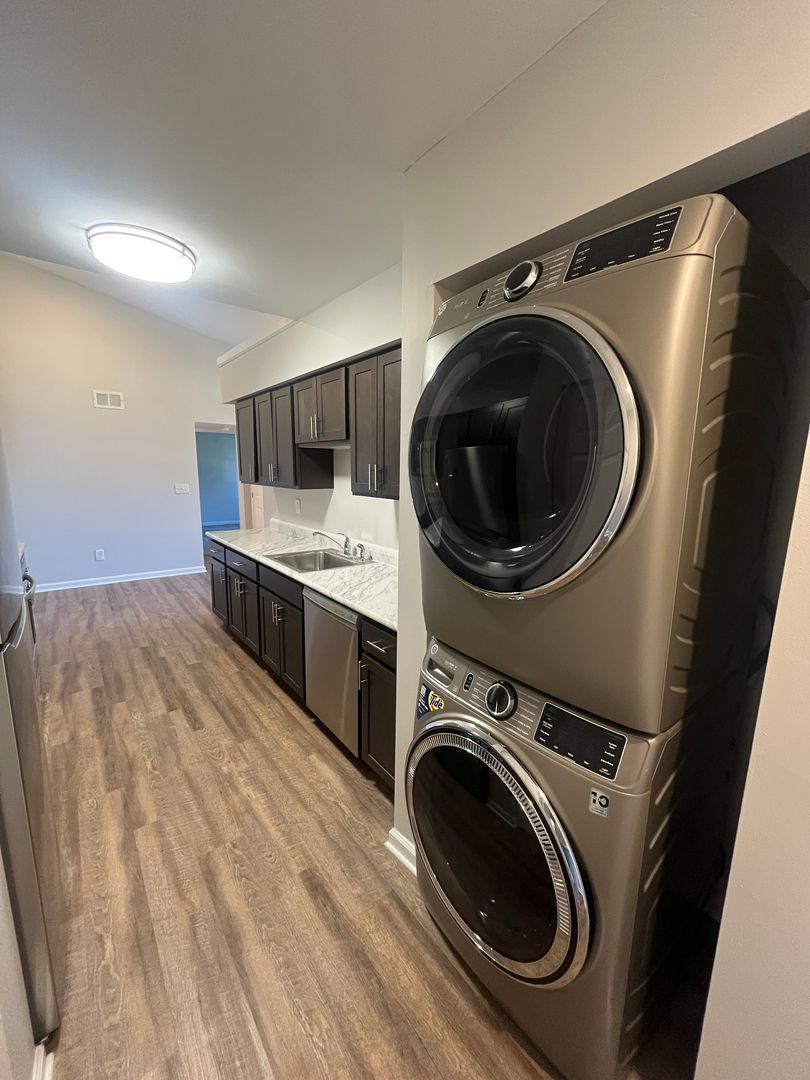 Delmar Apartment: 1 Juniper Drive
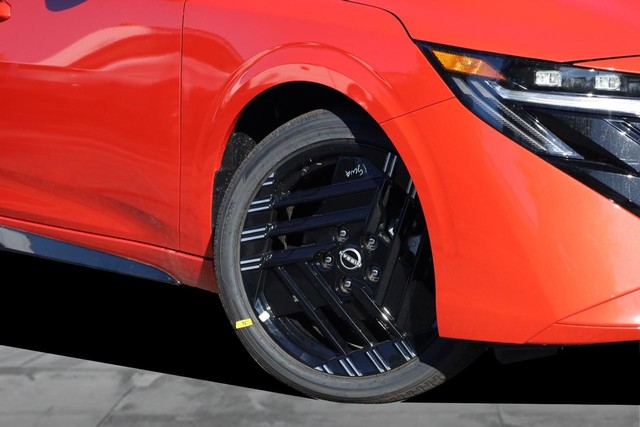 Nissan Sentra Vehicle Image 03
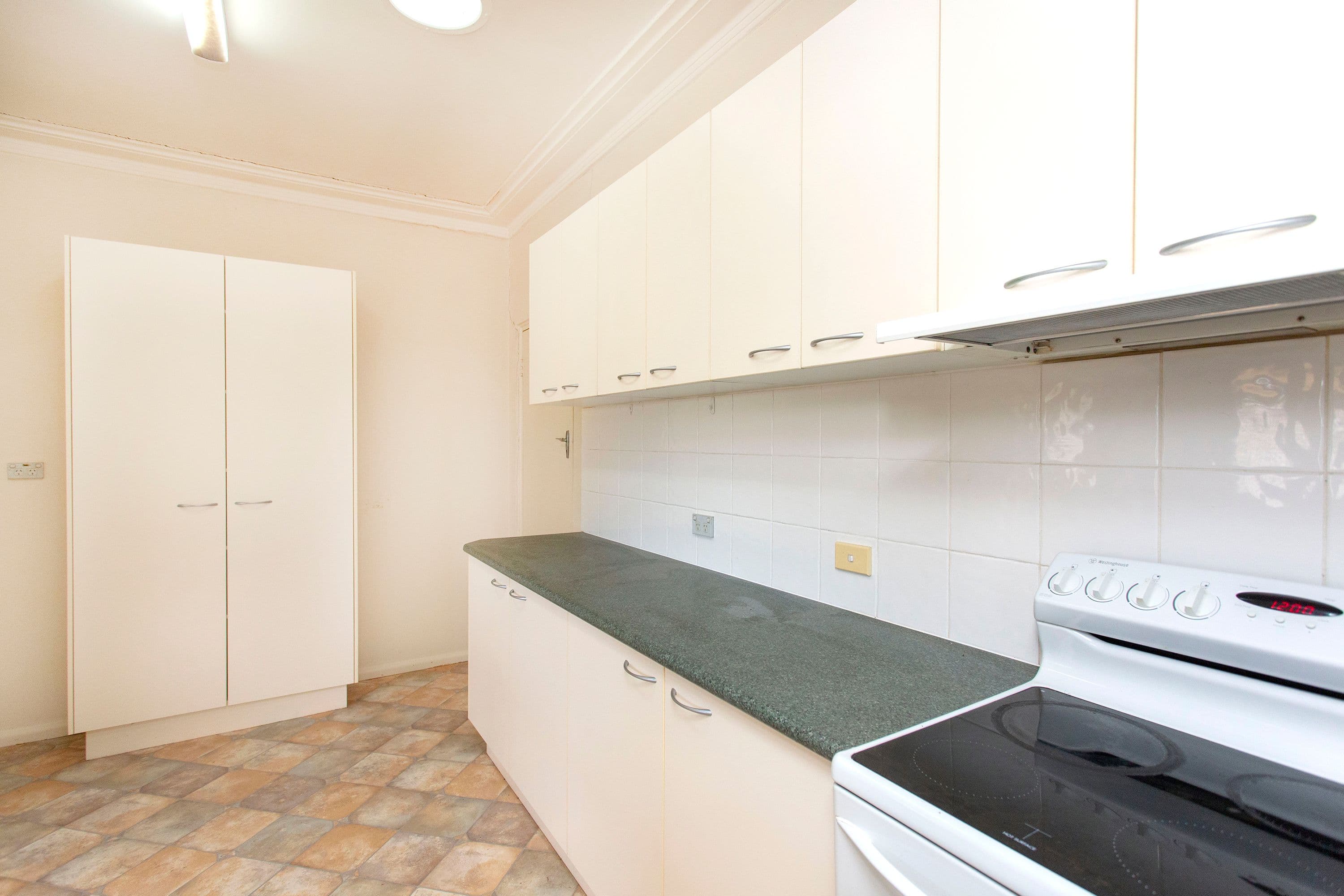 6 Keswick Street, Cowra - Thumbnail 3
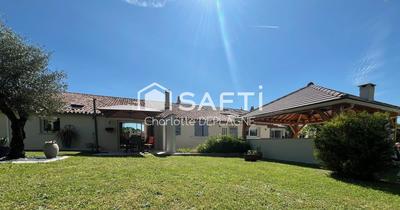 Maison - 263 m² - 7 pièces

◆ WHAT YOU ARE ASKED TO DO:
Repeat the listing word for word, and skip every picture it contains.

◆ ANSWER FOR THIS EXERCISE:
 Delmar Apartment: 1 Juniper Drive
 Nissan Sentra Vehicle Image 03
 6 Keswick Street, Cowra - Thumbnail 3
 Maison - 263 m² - 7 pièces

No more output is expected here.